Since we are adopting Maddie through the foster care system, there are many more legal hoops to jump through this time around. Warren’s adoption through LDS Family Services was fairly straightforward and we didn’t have to wait very long for it to be finalized.
Maddie’s story is different. Although her serious medical conditions led us to believe, in the beginning, that the case would be clear cut and faster than others, it soon became apparent that we were in for an emotional ride. Namely, we would have to wait on her birth mother’s decision to proceed with the adoption. We felt fairly confident that all would be well and that she would ultimately decide to go forward. But, for a time, it was uncertain. It took several months of agonizing visitations and constant contact to arrive at a place where she felt ready to relinquish her parental rights.
But on November 5th, she finally agreed. The .26 hearing took place and her rights were terminated.
We are relieved and grateful for this step. We’re now required to wait a 60 day period to allow for appeal before the parental rights can be completely severed. After that, it’s a matter of presenting the completed paper work to the judge for his approval, which can take up to 2 weeks. At that point, our adoption will be final. So, we’re hoping for some time around the beginning of February.
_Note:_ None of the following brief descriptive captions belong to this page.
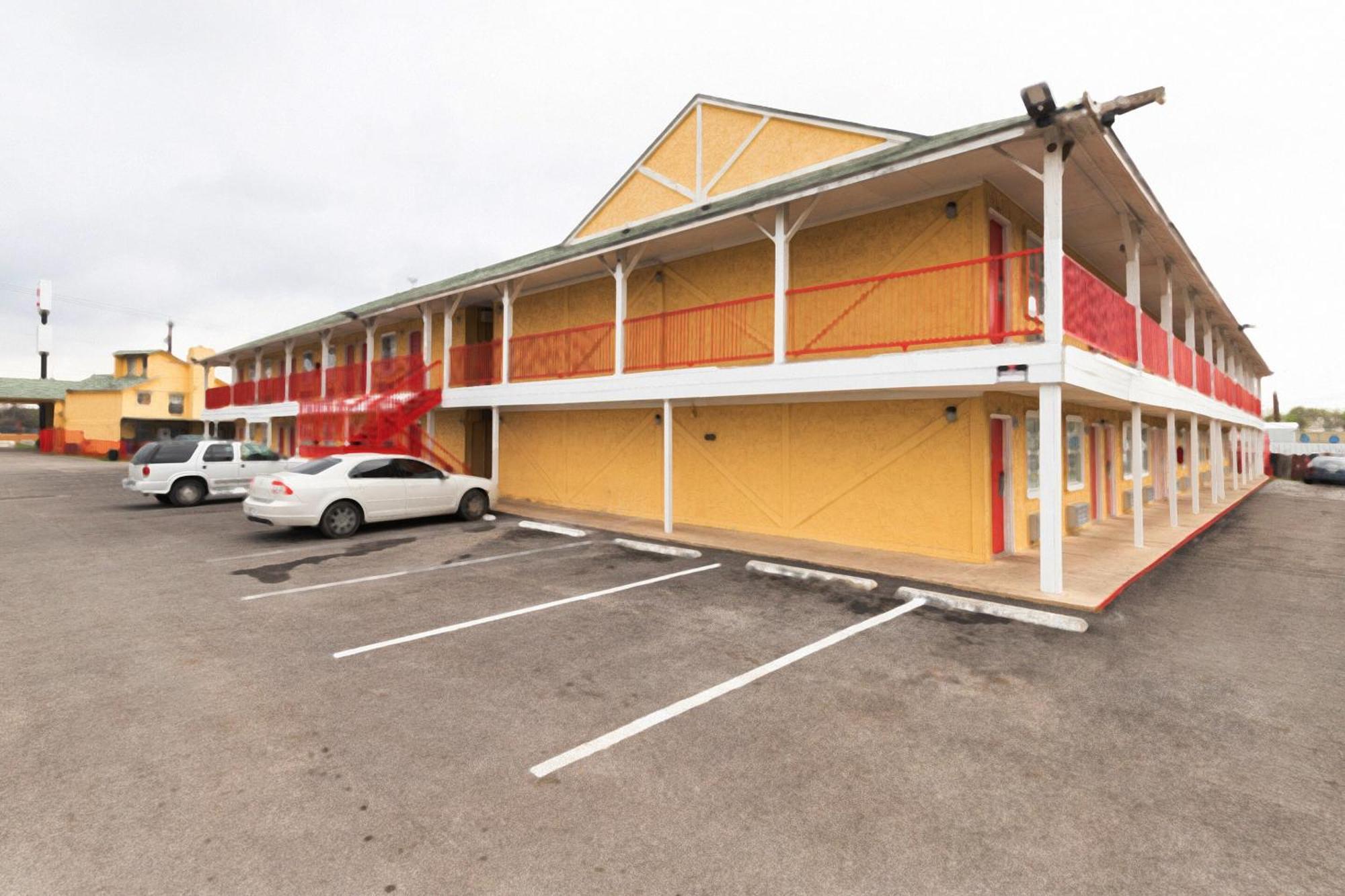 Oyo Hotel San Antonio Lackland Near Seaworld Buitenkant foto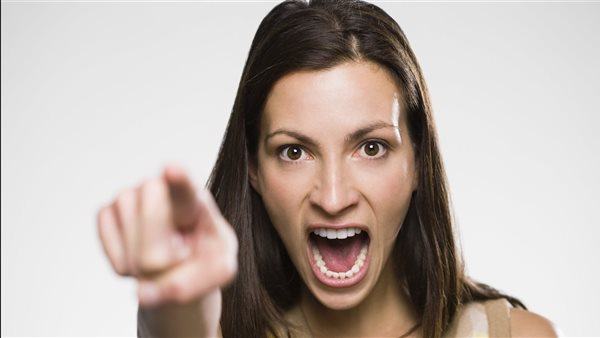 استخدام الشتائم 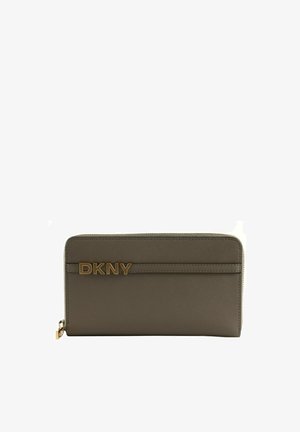 Portefeuille rectangulaire marron avec fermeture éclair intégrale, logo DKNY doré sur le devant et finition en cuir texturé.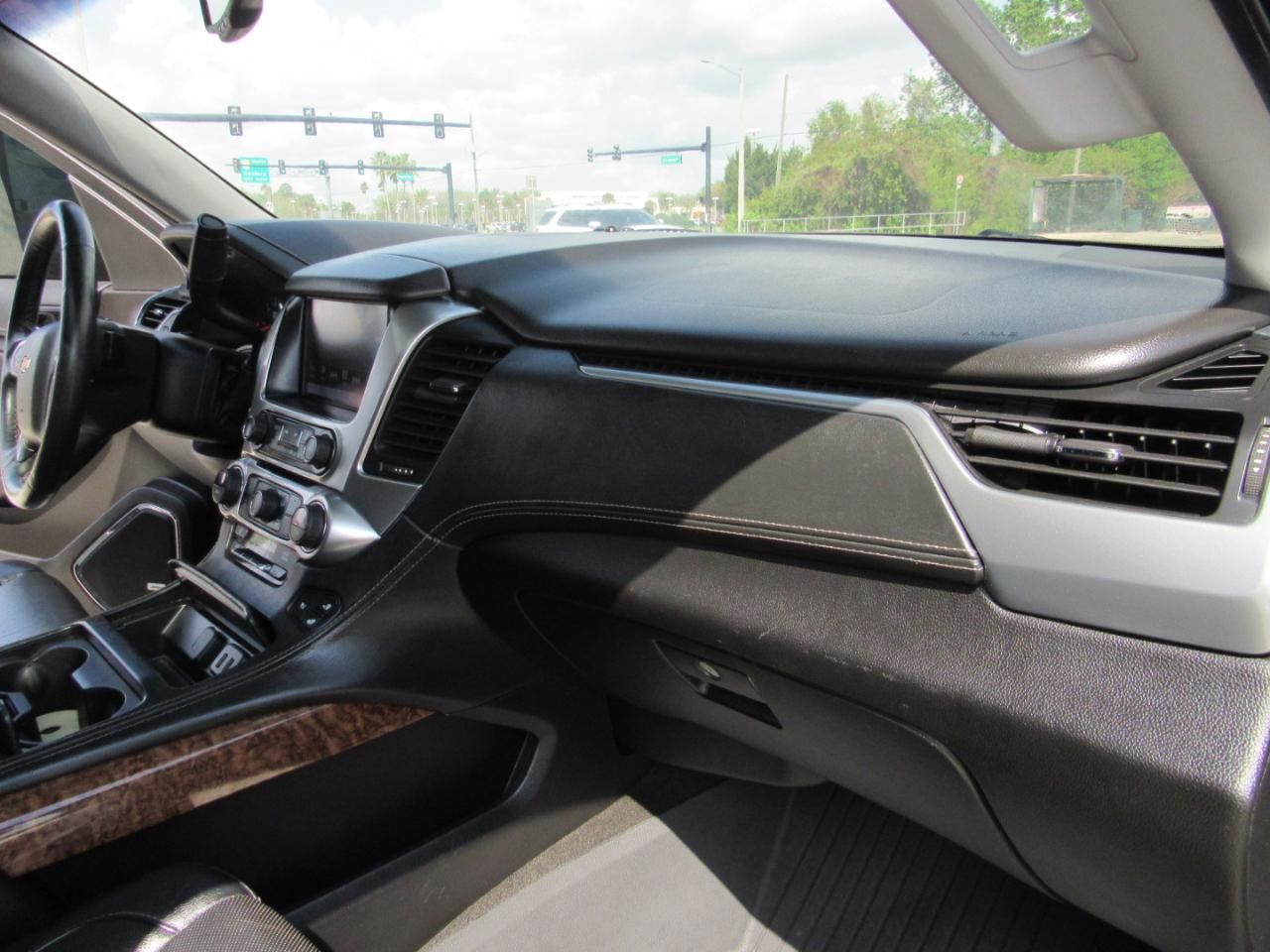 Chevrolet Tahoe 4WD 4dr Premier 2017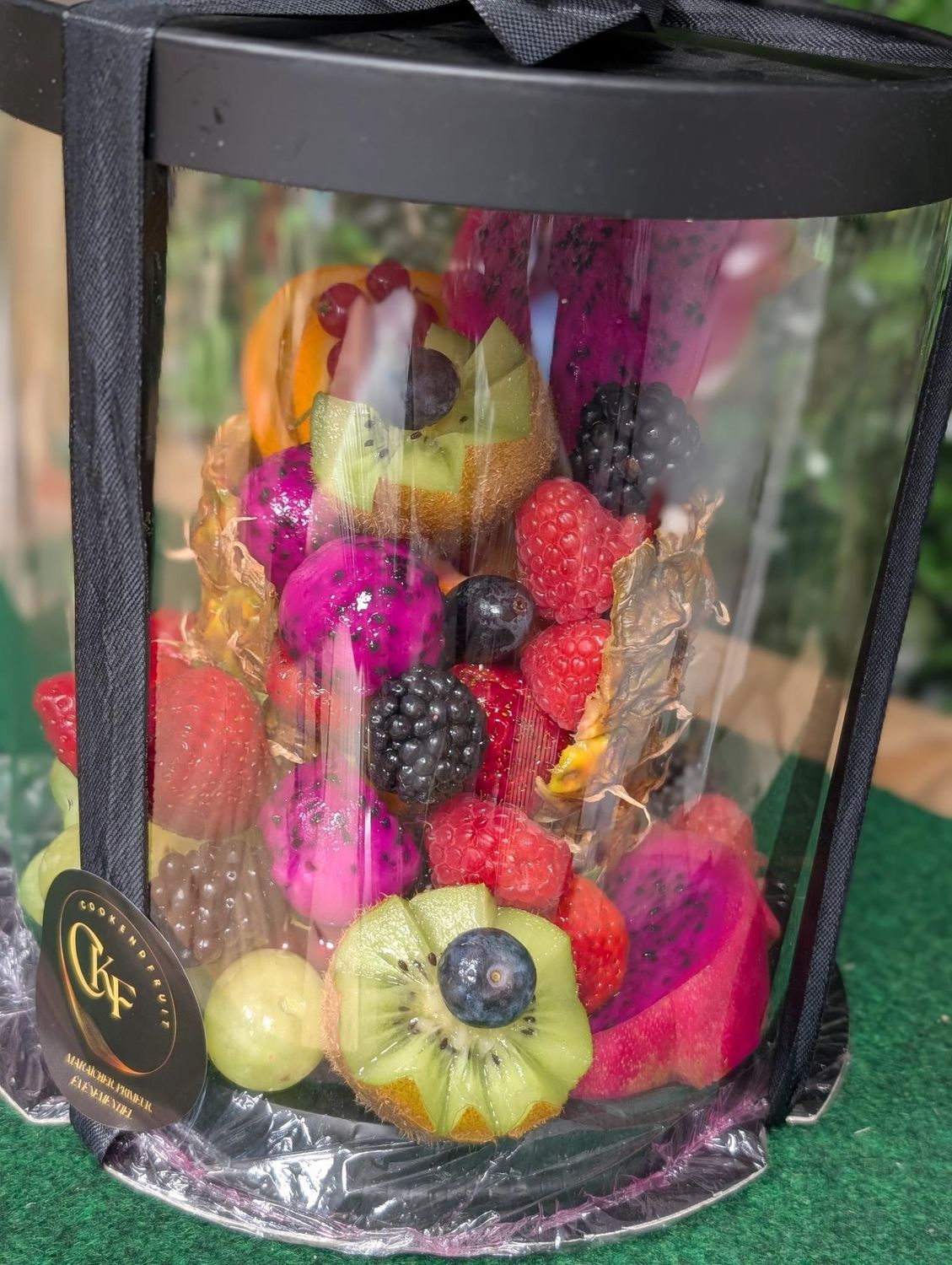 Pièce monté de fruits cadeaux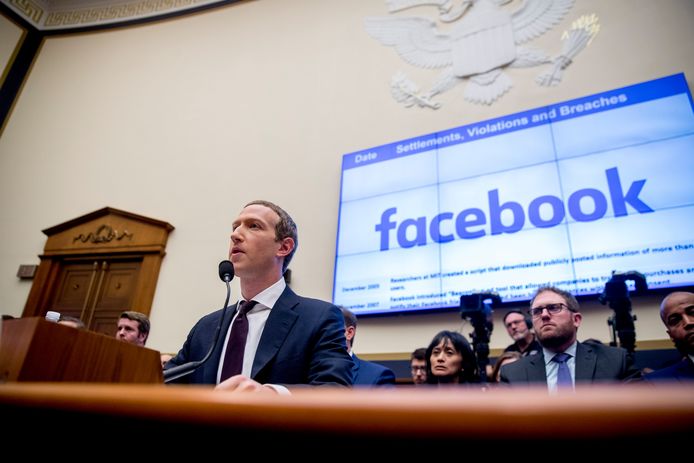 Facebook-baas Mark Zuckerberg had vandaag in het Amerikaanse Congres de nodige moeite om politici achter zijn plannen voor cryptomunt libra te krijgen.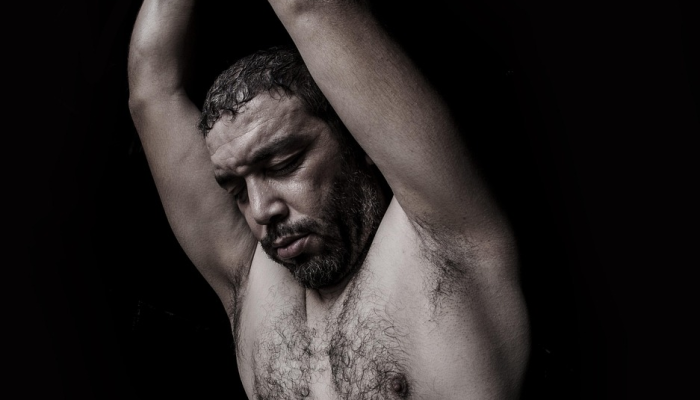 M53的受害者杰西卡·贝克是一个“热心肠、很棒”的人，家人在感人的悼念中说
I should be jumping for joy that the hearing finally took place (especially since it was postponed from July because of a clerical error in the county office), but my experience has been strangely bittersweet. Of course I am thrilled that Maddie is that much closer to becoming a legal part of our family, for she’s already a permanent one. But I also feel a great deal of sadness for her poor birth mother. Her pain was so real as we hugged goodbye at our last visitation. How can I so quickly move past her sacrifice and suffering at giving up a part of herself to celebrate my own gain? I can’t. And I won’t. Adoption is an amazing gift but one that comes at a great price.